Elliot did not reach back. He had decided enough was enough and focused on his work and offline pursuits. When he got Marta’s email, he was confused and ashamed as to why he had wasted so much of his time with those people in that way. How it happened, the support he had gotten during the transition – including from Marta – was overshadowed by the bitterness at the end.
Back at the Memphis Project, the actions of Memphis online were just a series of reports and analyses from and about the AI’s actions. It was a set of metrics. On so many servers, so many people had been confirmed as returning to church. Later, they would have follow-ups to see how many people stayed in church and develop strategies to keep them there, ways not just to get them to church but how to change their system of beliefs permanently. They did not think it was, say, human experimentation. They liked it to advertising, and there was no doubt in anyone’s mind that the techniques Memphis used were highly similar to those of advertising as deployed by a dozen social media firms and electronic-based advertising agencies.
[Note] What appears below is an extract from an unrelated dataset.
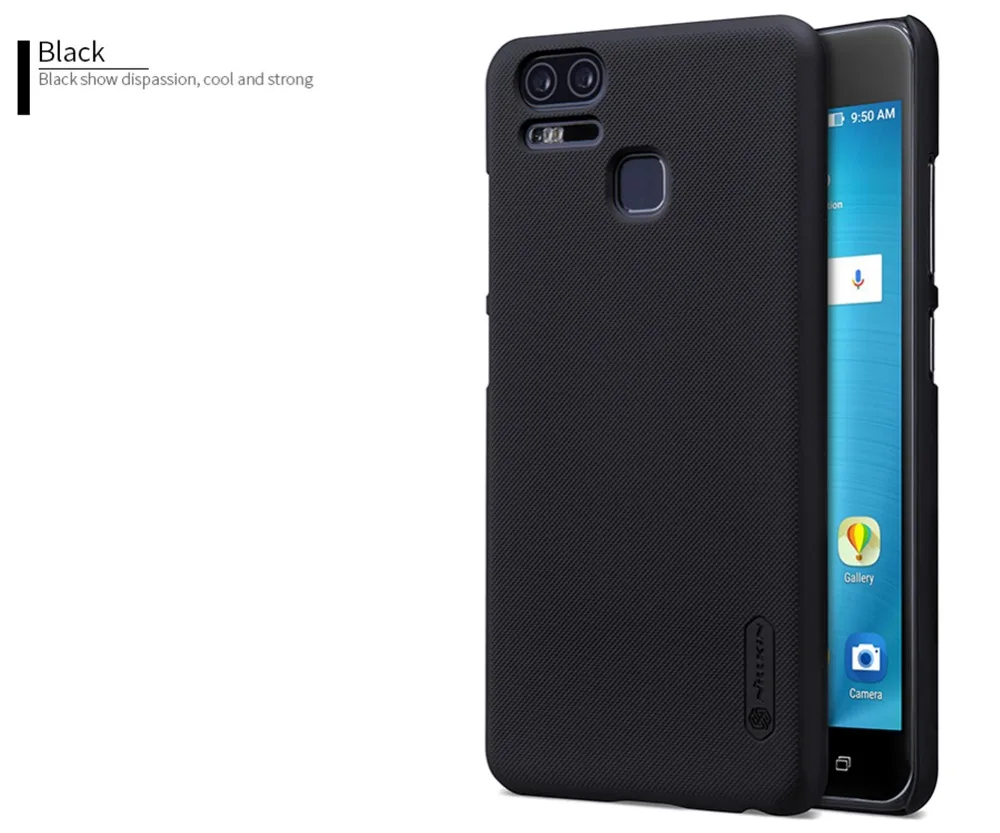 Для ASUS Zenfone 3 Zoom(ZE553KL) чехол для телефона Nillkin супер матовый защитный чехол твердый пластиковый чехол на заднюю панель для Zenfone3 Zoom(ZE553KL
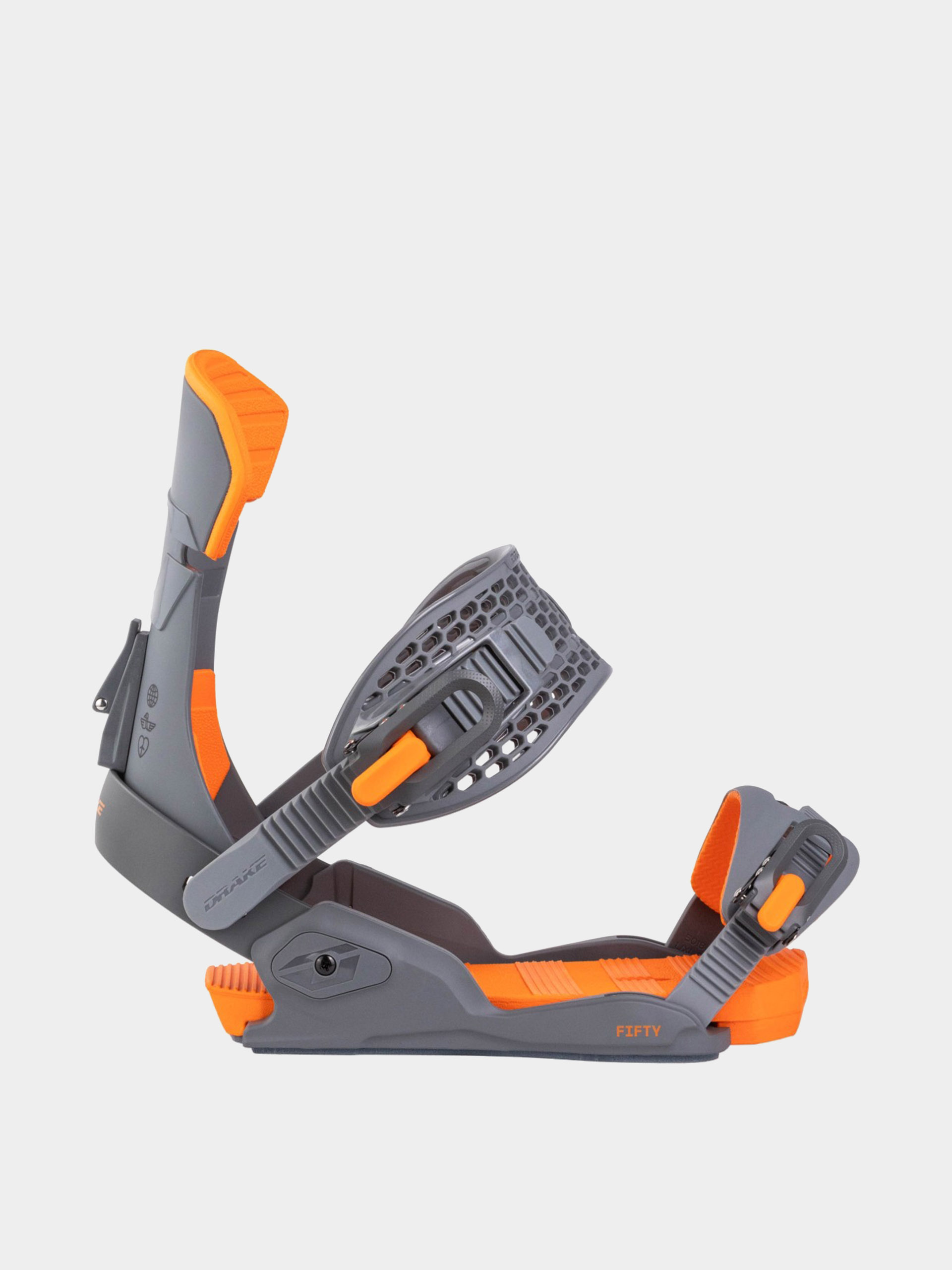 Pánské Snowboardové vázání Drake Fifty (dark grey/orange)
And like those other companies, the Memphis Project did not care very much about the pain it caused.
This time, Memphis had targeted about a thousand people. A thousand people that it manipulated and hurt. Most of the online communities touched by Memphis never recovered. To the people sponsoring Memphis, it seemed a slight thing. So what if a few online gaming guilds broke up? Who cared if a few perverts had to get their perversion somewhere else?
But right after this action, Memphis got an upgrade. It would no longer have to content itself with touching the lives of a few hundred people. It could target millions.